(ENTRIES PROVIDED)

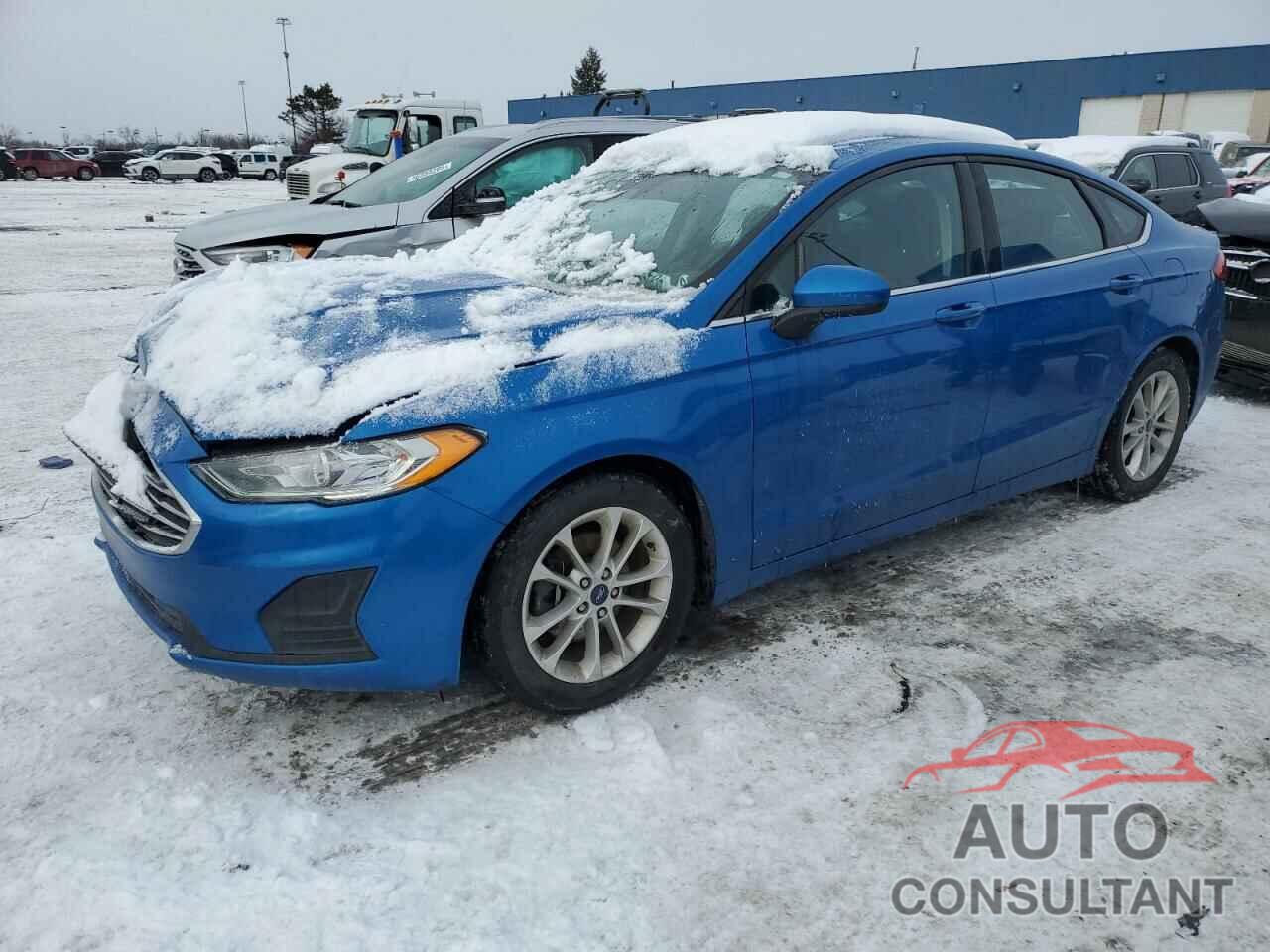 FORD FUSION 2020 - 3FA6P0HD0LR107945
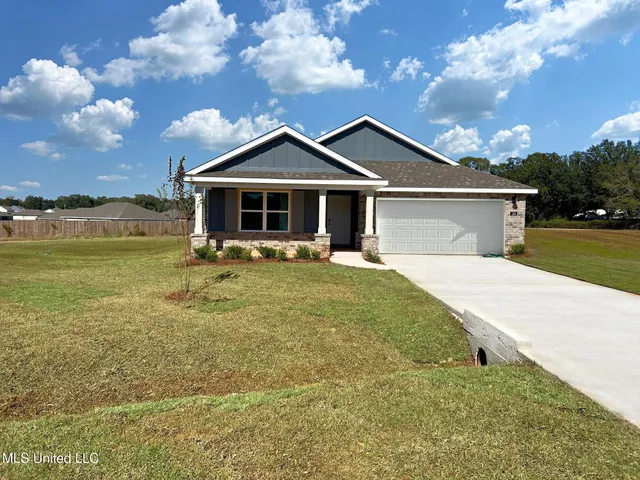$271,900 | 124 Dewberry Drive, Leakesville, MS 39451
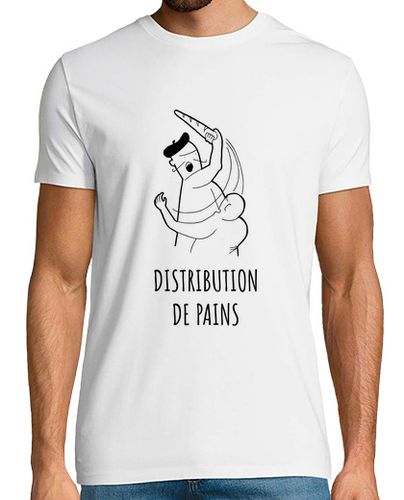 Camiseta distribución de pan - latostadora.com - Modalova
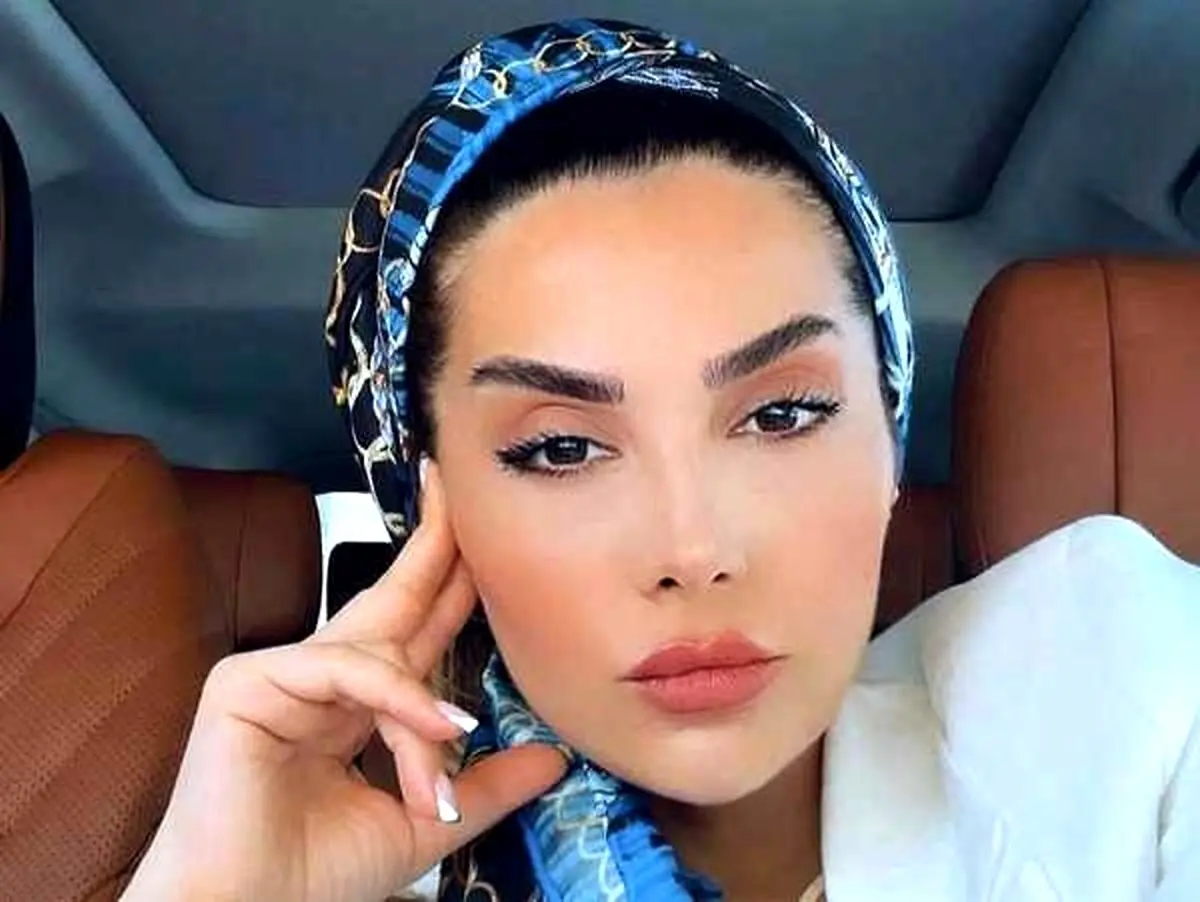 تصاویر جدید و جذاب مونا فائزپور همسر رحمت پایتخت و راز زیبایی خیره‌کننده او در فضای مجازی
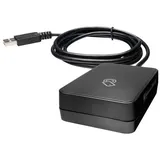 HP Jetdirect 3000x Nfc Wireless-druckserver - Black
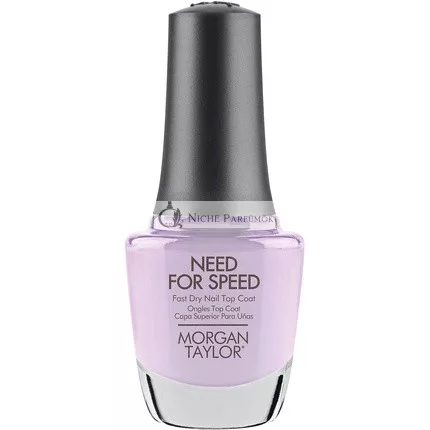 Morgan Taylor Need For Speed Fast Dry Top Coat, 15ml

(End ENTRIES PROVIDED)

Your copy must begin at the line containing "تصاویر جدید و" and end at the last line of the material above. Reproduce each line exactly, but not the pictures.

- **TASK ANSWER**
 تصاویر جدید و جذاب مونا فائزپور همسر رحمت پایتخت و راز زیبایی خیره‌کننده او در فضای مجازی
 HP Jetdirect 3000x Nfc Wireless-druckserver - Black
 Morgan Taylor Need For Speed Fast Dry Top Coat, 15ml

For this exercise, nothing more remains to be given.